El placer es incorporación (Jean-Claude Milner, Lo triple del placer). Es, al menos, fricción con un cuerpo o cosa que no soy Yo. El horizonte de la incorporación es, en su límite, la devoración, y su fantasma el canibalismo; el horizonte del contacto o fricción es la intemperancia, y su fantasma la pérdida de orientación en la vida. Así, la philia, instituida como sensibilidad del Mundo Antiguo, práctica de la hospitalidad como convención funcional a una sociabilidad llevadera –es decir, sin devoración ni intemperancia en el horizonte–, es el punto de equilibrio entre los cuerpos y un modelo de relación. Salvo que algún mecanismo, como la mercancía, borre las fronteras materiales de las cosas y cuerpos bajo la condición ilusoria del equivalente general. Entonces, si los cuerpos no hacen la diferencia, si la singularidad de las experiencias no disponen de la autonomía necesaria en el orden de prioridades de la sensibilidad de nuestra época, el placer languidece o se transforma en otra cosa. Esa otra cosa, hoy se llama consumo; por lo tanto, la hospitalidad devino supérflua.

¿Qué placeres son esos que surgen de la permanente incitación al consumo? La precariedad del mercado de placeres parece obvia, salvo que sucumbamos ante sus incitaciones como si se tratara de mensajes divinos. Es la religión de nuestro tiempo, cuyo costado más grosero son las nuevas iglesias de plástico, con sus pastores de traje y corbata y sus bizarras producciones televisivas. Gracias a su existencia ridícula nos sentimos impunes en nuestra sutileza cuando participamos de una lógica tan afín que nos aterrorizaría admitirlo.

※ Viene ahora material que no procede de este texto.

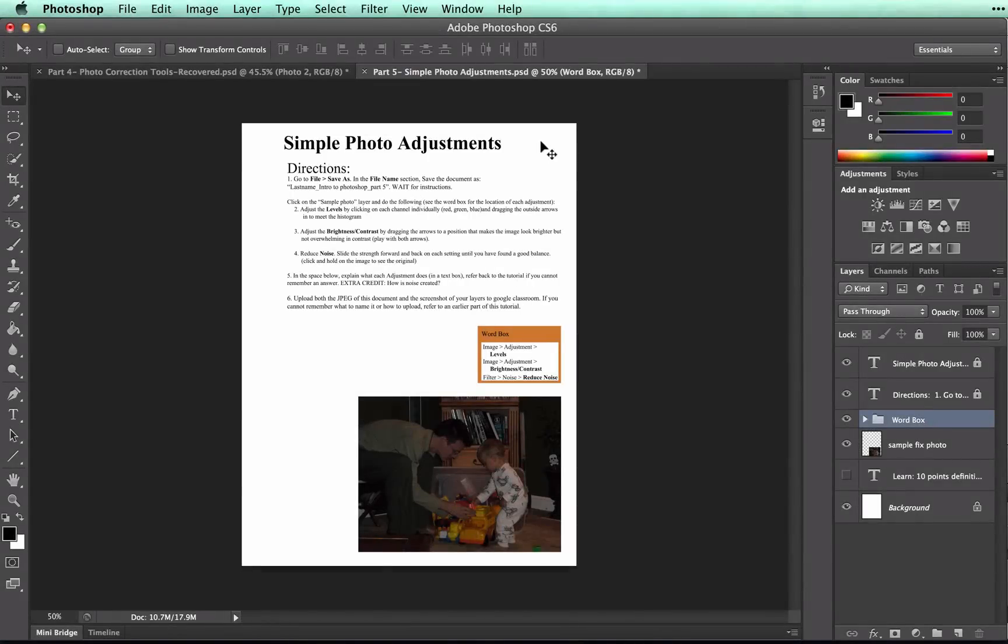This is the last video in our little series. In this video, we're going to be talking about some of the simple adjustments that you can change to enhance your photos.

La incitación al placer es el modo específico de ser “demasiado humanos” en nuestro tiempo. He ahí la razón por la cual una teoría, aunque más aun, un manifiesto del placer contemporáneo necesita sus reparos, en lugar de dar rienda suelta a una avidez por la degustación de la novedad, ya instalada entre nosotros. ¿Y qué hay del placer a cualquier costo? El placer que decepciona, el placer que requiere sufrimiento, el placer que queda demasiado lejos, el placer para unos pocos, son contradicciones en sus términos que nuestra época licuó en su nihilismo lavado: “Todo bien, todo da igual”. Incitación, hiperestimulación y pobreza: un jardín de flores artificiales. ¿Y qué ocurre con el placer del silencio entre tanto ruido? En la época de la incitación, tal vez el silencio o la sustracción o, quien sabe, la experiencia de la lentitud, nos devuelvan como gestos una última oportunidad para el placer.